Andrea mi segue mentre lentamente attraverso il gruppo, evitando di guardare i cani negli occhi. Saliamo ed entriamo nella barca: cerco di accendere il motore ausiliario diesel, ma le batterie non danno segno di vita.

Riesco a trovare un elettrauto, che munito di un booster fa partire il motore. Dobbiamo poi lasciare acceso il motore perché si ricaricano le batterie: grosso dilemma, quanto gasolio ci sarà nel serbatoio ? Impossibile accertarlo. Chiedo all’elettrauto come si possa fare il pieno, ma sconsiglia di entrare nel marina: nei giorni feriali , per dipiù fuori stagione, il distributore del porto è chiuso. Decido di partire per entrare nel porto di Trani, a circa 30 miglia, prima che faccia notte; conosco il porto, dove vi è un distributore di gasolio che funziona tutti i giorni.

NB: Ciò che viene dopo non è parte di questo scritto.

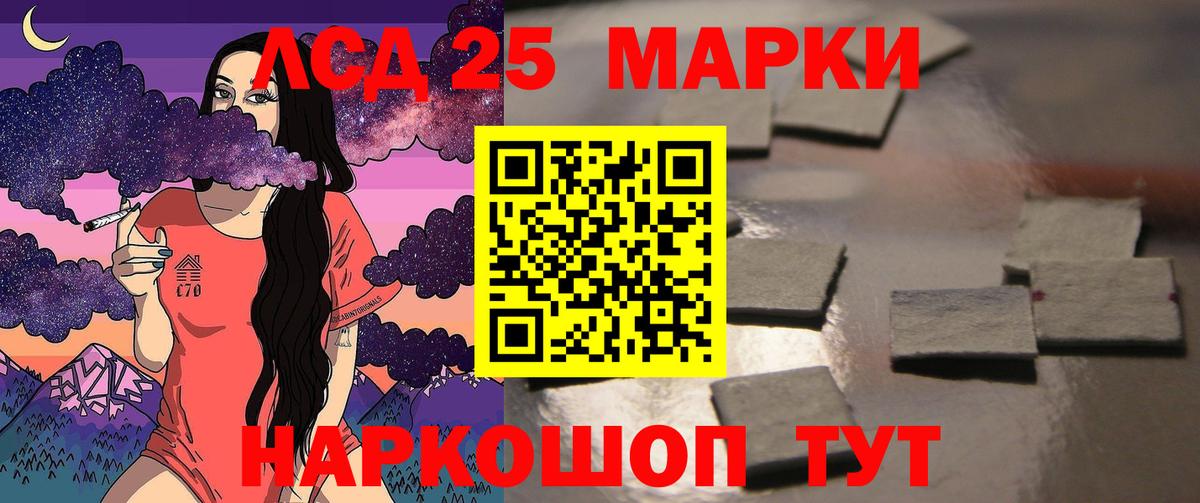 Лсд 25 экстази кислота Артём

Lascio alla dea fortuna il compito di assisterci fino al distributore, vista l’assenza di vento. E a Trani finalmente il serbatoio è pieno. Usciamo a cena in un ristorantino, facciamo qualche passo e assistiamo allo struscio serale. La prima volta che feci sosta a Trani, tipica cittadina del sud, il passeggio serale era uno spettacolo gradevole, i giovani e le ragazze camminavano intorno ad un grande piazzale, una lunga processione, dove gli uni ammiravano le altre, con reciproci sguardi: questo era lo struscio che mi rammenta la poesia Leopardiana “ Il sabato del villaggio”. Le successive tappe a Trani nei vari trasferimenti in Grecia, seduto sulla panchina mi accorsi che ogni dieci minuti la stessa macchina passava e così notai stupito che tutte le altre giravano continuamente: lo struscio era fatto in macchina ! E’ un “non senso”: effetti deleteri del diffondersi della motorizzazione. Torniamo a dormire nei nostri sacchi a pelo in barca. Il mattino puntiamo verso una tappa più a nord, se il vento sarà a favore ovviamente potremo navigare per 24 ore filate per avvicinarci alla meta. Dipenderà dal vento, spesso.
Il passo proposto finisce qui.